As she sits alone in Valpo’s art studio, Kelsey Larson ’15 focuses intently on the project at hand, blocking out any other distractions or obligations. Working diligently, she begins to craft a piece that would later serve two purposes — provide enjoyment for Bauer Museum patrons and feed the hungry.
In the spring, Valpo ceramics students created bowls that would later be auctioned to support the “Soup Bowls for the Hungry” fundraiser — an event led entirely by students who organized, marketed, and executed the event that raised nearly $1,000 to support the Northwest Indiana Food Bank. Kelsey played a large role in the event’s success.
“Some of the bowls that the students made were abstract, while others could actually be used as a soup bowl,” she says. “Mine was more abstract, and the bottom part of the bowl was woven.”
Kelsey’s bowl was later selected by professors to be featured in the Brauer Museum’s student art exhibition. She says she was honored that her bowl was chosen for display, but ultimately, she was proud of what the bowl symbolized.
“This project was a perfect extension of how we can use art to have an impact on our community,” she says. “We were given free reign and creativity to produce something unique, and at the same time, it supported a good cause. I was excited to be part of it.”
Valpo is a place where academics and community service naturally intersect. Whether in the classroom or through experiential-learning, students are often challenged to apply classroom knowledge to their roles as engaged citizens of the world.
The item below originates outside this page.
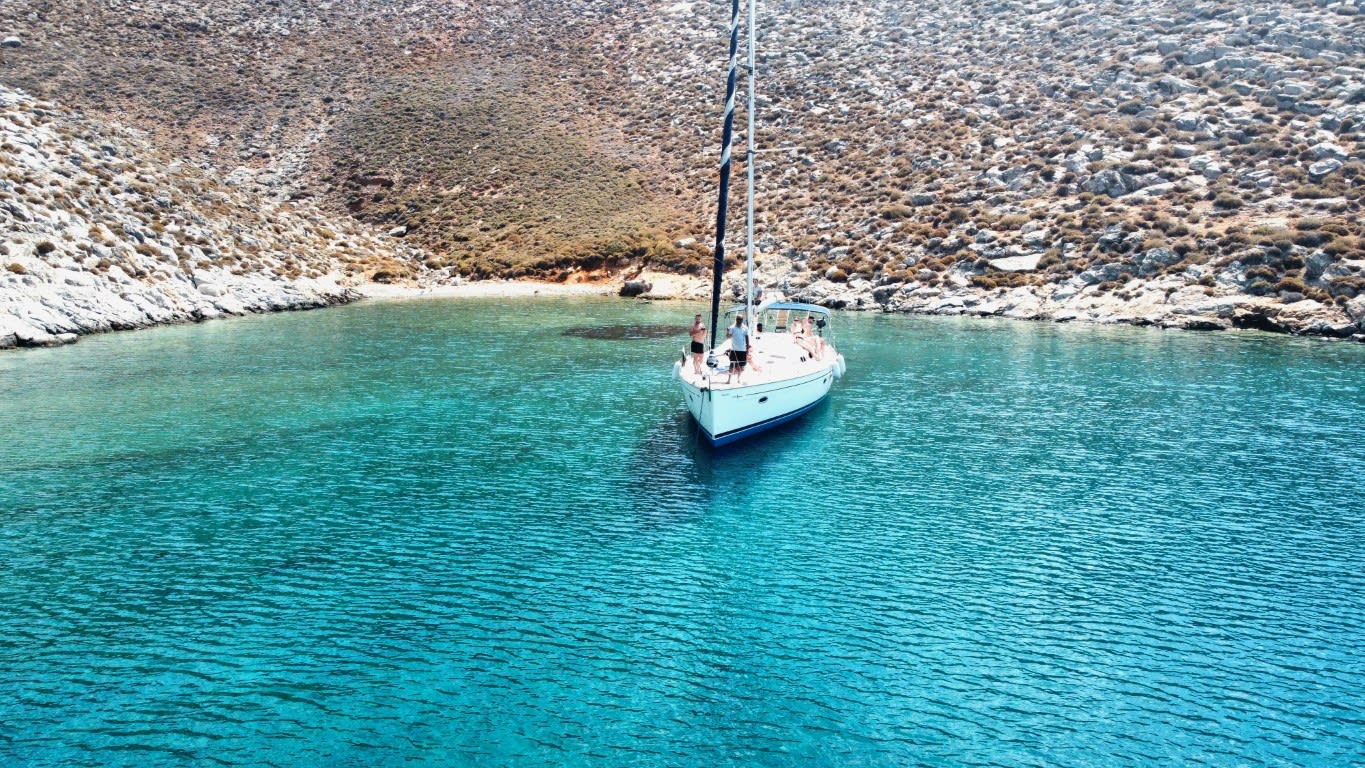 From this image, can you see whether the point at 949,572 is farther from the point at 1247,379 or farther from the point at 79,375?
the point at 79,375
Kelsey says she was not surprised that Valpo would host a project like this within the confines of the classroom.
What did surprise her, however, was her ability to take a course in ceramics while she worked toward a double major in chemistry and physics and remained active in Christ College — The Honors College.
“What I love most about Valpo is its commitment to the liberal arts,” she says. “This is a place where I am able to express my interests in a variety of ways.”
While art and science might seem like contrasting disciplines, Kelsey is fascinated with their similarities and intersections.
“As a person heavily interested in science, I naturally like to solve problems,” she says. “And in ceramics, the artist has to think through what the end product will look like in a three-dimensional sense. Even that is a problem that needs to be solved.”
Many professors at Valpo encourage this interdisciplinary thinking and eagerly welcome students from other disciplines into their classrooms. Michele Corazzo, MFA, adjunct assistant professor of art and instructor of Kelsey’s ceramics class, especially encouraged her to pursue her passion within a department outside her major.
“Kelsey successfully crossed over into the arts to achieve some really sensitive, beautifully crafted, and well articulated sculptures and vessels in her ceramics class,” she says.
This fall, Kelsey will begin a Ph.D. program in atmospheric science at the University of Washington. She hopes to continue her passion for art through local classes and community art opportunities in Seattle.